The Eagle's Wings is a 1916 American silent drama film directed by Robert Z. Leonard and stars Grace Carlyle, Vola Vale and Herbert Rawlinson.
*"According to an advertisement and items in the 25 November and 2 December 1916 issues of Moving Picture World, The Eagle's Wings was not part of Bluebird's regular program, but it made so strong an impression on Bluebird executives that they bought the rights and gave it a special release as a "Bluebird Extraordinary," outside their regular Bluebird program. As with Rufus Steele's earlier Bluebird project, Hop, the Devil's Brew, The Eagle's Wings was made with the cooperation of the U. S. Government, which allowed scenes to be filmed in arsenals, munitions plants, and on government preserves.
Also among the film's sets were exact replicas of Columbus, New Mexico (which Mexican revolutionary Pancho Villa had recently raided); the U. S. Senate chamber; and the House of Representatives. (The 2 December 1916 Moving Picture World mentioned that Villa's raid on Columbus "is made a part of the action and the exciting scenes of that now famous night attack are vividly reproduced.) An item in the 18 November 1916 Moving Picture World stressed, however, that the film was "a non-political, strictly American reflection of economics and industrial preparedness for military emergency," and had "no specific reference to any particular nation as opposed to the United States—the subject is strictly neutral, and absolutely pro-American."

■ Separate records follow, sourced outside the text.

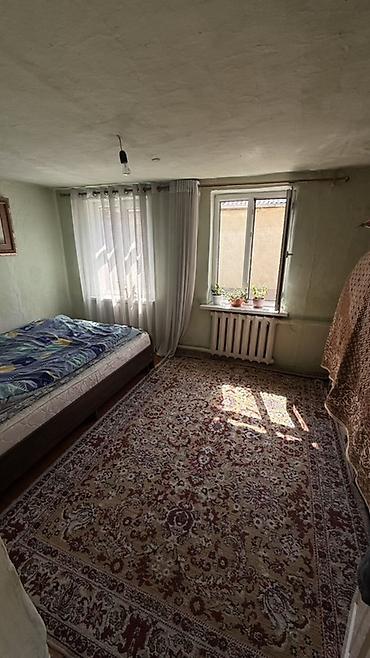 Продажа коттеджей и домов: Продаётся частный дом с огородом. -Район Старый толчок -Площадь — 6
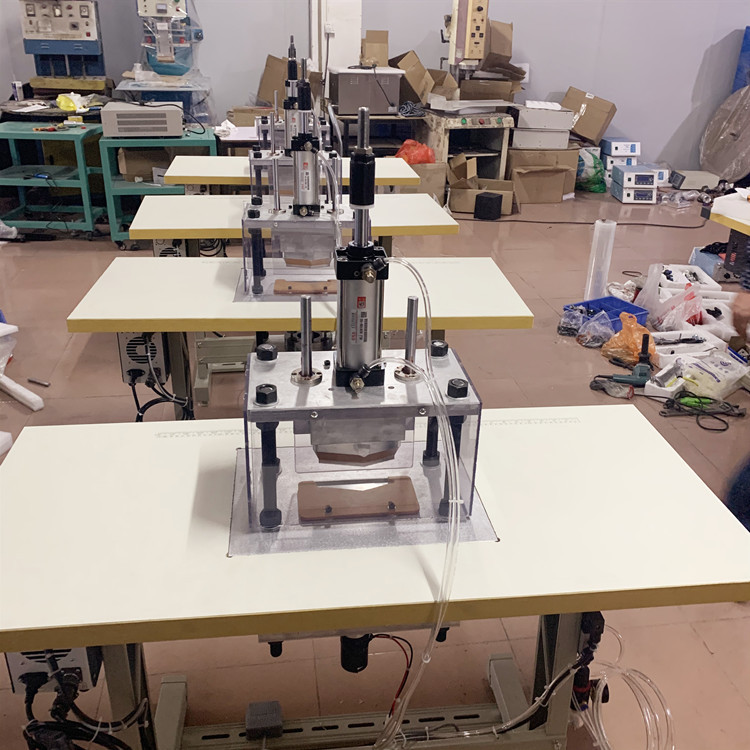 厂家直销20K口罩压边机，超声波封边设备 2000W脚踩压边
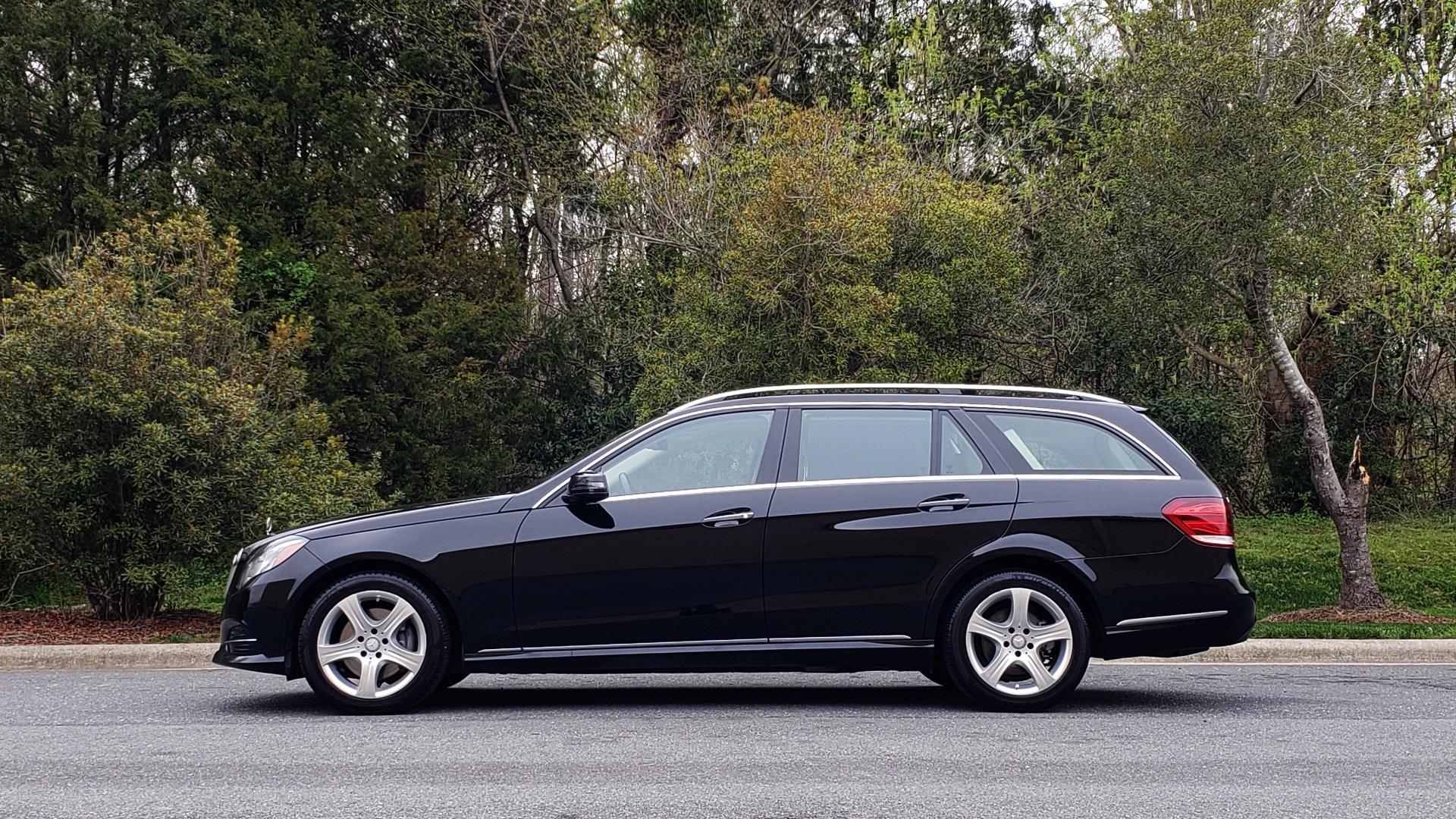 Used 2014 Mercedes-Benz E-Class E 350 4MATIC PREMIUM / NAV / SUNROOF / REARVIEW / 3-ROW for sale Sold at Formula Imports in Charlotte NC 28227 2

Supervisor-producer Rufus Steele, who wrote the story, spent months in arranging the filming of "the manufacture of munitions, guns, shells, shrapnel, fuse, armor plate, castings, and every element that enters into modern warfare." Press reports added that all the factories had originally been built for peaceful manufacturing. An extensive three-page article in the 18 November 1916 Moving Picture Weeklyidentified the arsenal locations as Watervliet, NY, Philadelphia, PA, and Watertown, MA. For the U.S. Capitol interiors, actors resembling Woodrow Wilson's Vice President Thomas Marshall and Kentucky Congressman Champ Clark were used. News items reported that six members of President Woodrow Wilson's Cabinet and the Council of National Defense attended a showing of the film in Washington, D.C. According to the Library of Congress American Silent Feature Film Survival Database, this film is extant."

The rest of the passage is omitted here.